Zoekt: Cap max_file_match_results in standard search to reduce response size
Background
For standard (non-multi-match) search, Search::Zoekt::Params#max_file_match_results returns UNLIMITED (0). This means the coordinating node returns all matching files in its JSON response (up to ~5,000, bounded by the line match window), even though Rails only iterates through at most 10 pages × 20 results = 200 results before stopping (Cache::MAX_PAGES).
The 5,000 line match window (max_line_match_window) is intentional — it lets the coordinating node collect a large candidate set for relevance ranking. The problem is that the full ranked set is returned in the JSON response, even though Rails only needs the top N.
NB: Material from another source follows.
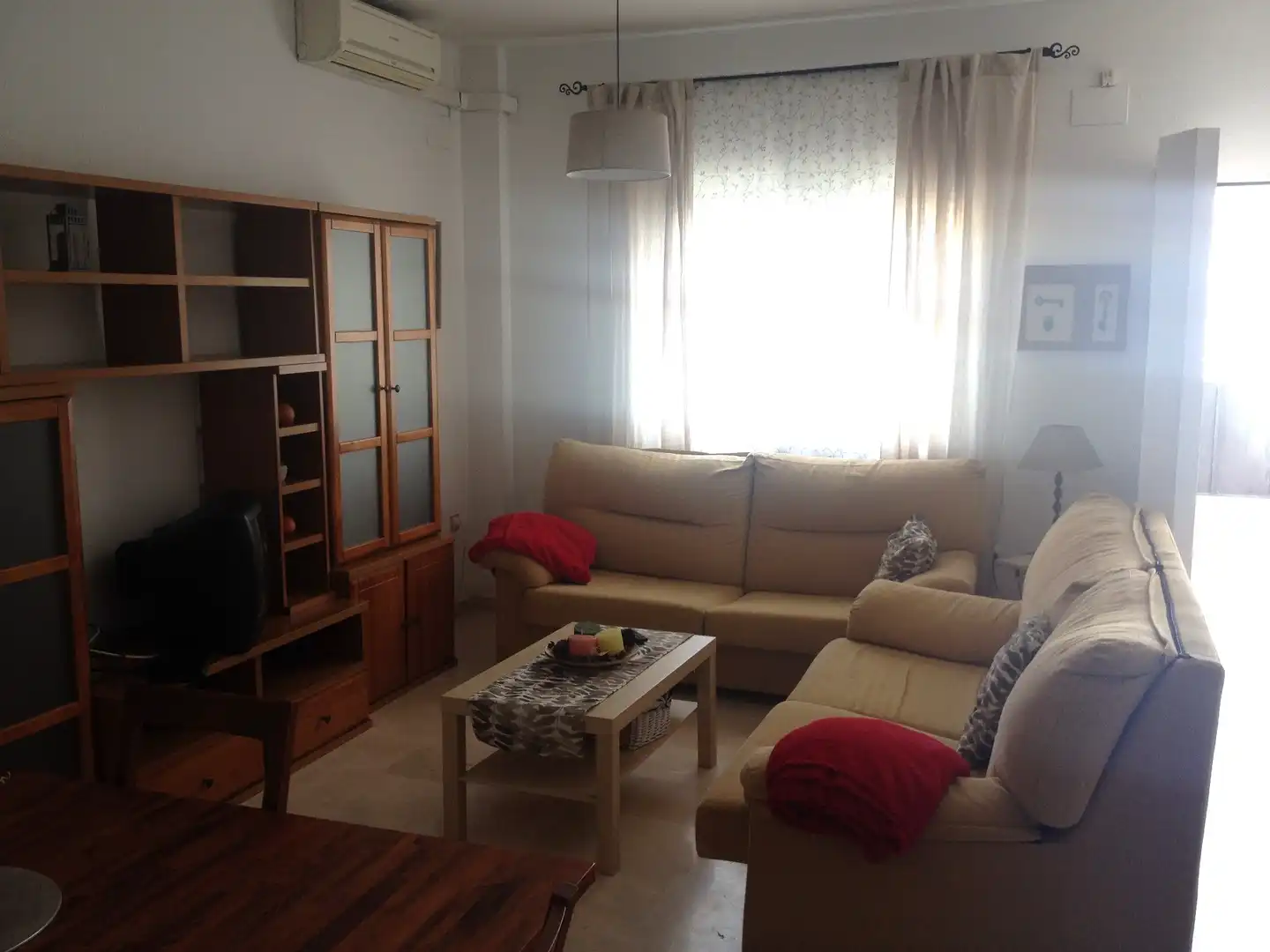Sala de estar de Casa adosada en venta en Villafranca de Córdoba con Aire acondicionado, Piscina y Amueblado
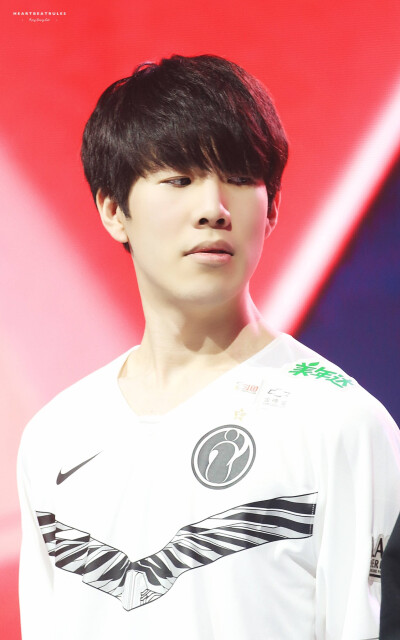 十三水里的“博弈论”：在已知对手喜好的情况下如何反针对？（当你掌握对手偏好时，十三水如何精准反制？）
Note: Multi-match search also sends max_file_match_results = 5,000 (not per_page as originally assumed) — it has the same oversized payload problem.
Element count math
Each file + line match contributes ~52 JSON elements to the safe_parse counter (22 per file + 30 per line match). The 100k element limit is hit at:
| Scenario | Files | Matches/file | Total elements |
|---|---|---|---|
| Many files, 1 match | ~1,900 | 1 | ~100k |
| Moderate files, 5 matches | ~580 | 5 | ~100k |
| Fewer files, 10 matches | ~310 | 10 | ~100k |
This is more aggressive than originally estimated (~20 elements per result was too low).
Proposal
Cap max_file_match_results to max(Cache::MAX_PAGES, current_page) * per_page behind a feature flag. This mirrors the existing Cache#page_limit logic and ensures Rails always requests exactly as many files as it will actually consume:
- Page 1:
max(10, 1) * 20 = 200files - Page 5:
max(10, 5) * 20 = 200files (cache covers pages 1-10) - Page 15:
max(10, 15) * 20 = 300files - Page 50:
max(10, 50) * 20 = 1,000files
The coordinating node still collects and ranks across the full 5,000 window — the cap only affects the post-sort trim of the returned JSON. Deep pagination is preserved.
Implementation notes
Params doesn't currently have access to page or per_page — these need to be threaded through from SearchResults#zoekt_search → Client.search → Params. The page_limit value from Cache (which already computes [current_page, MAX_PAGES].max) is a natural fit.
Key files
-
ee/lib/search/zoekt/params.rb—max_file_match_resultscomputation -
ee/lib/search/zoekt/search_results.rb—zoekt_search(needs to pass page info) -
ee/lib/gitlab/search/zoekt/client.rb—search(needs to forward page info toParams) -
ee/lib/search/zoekt/cache.rb—page_limit(existing logic to reuse)
Rollout
This change should be rolled out behind a feature flag (e.g., zoekt_cap_file_match_results) to allow gradual rollout and quick rollback.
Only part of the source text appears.